Origin, Genre, and Themes

The Debate of the Carpenter’s Tools, of unknown date and authorship, survives only in Ash­mole 61 and is unique in many other respects as well. The poem’s list of tools pro­vides a major source for the understanding of medieval English carpentry; many of these names are unat­tested elsewhere or only dimly recognizable from medieval glossaries and docu­ments. But the literary form is as idiosyncratic as the vocabulary is valuable. Though Mid­dle English and continental medieval literature feature a great many debate poems, no other surviving text reproduces the odd configuration of this one.

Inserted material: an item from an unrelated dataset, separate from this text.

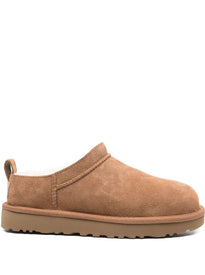 UGG Classic Micro WMNS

Like The Carpenter’s Tools, some of these other debate poems involve inanimate parti­cipants, such as The Debate between Water and Wine. But in this tradition, the objects debate their own merits as refreshment, whereas the carpenter’s tools discuss their master’s ability and willing­ness to make a living. The raucous spirit of the debate, including the insults hurled back and forth between the tools and the many other insults directed at their master, resembles two of the most famous examples of Middle English debate poetry, The Owl and the Night­ingale and the final section of Chaucer’s Parliament of Fowles. But both of these vigorous debates are concerned with love, the favorite subject of debate poetry, and thus gain some of their comic effect from the divergence between the churlishness of the debate and the loftiness of the subject. In The Debate of the Carpenter’s Tools the parti­cipants and the subject are equally humble; we do not expect genteel courtesy or crafty rhetoric from a crow­bar, and we do not get either.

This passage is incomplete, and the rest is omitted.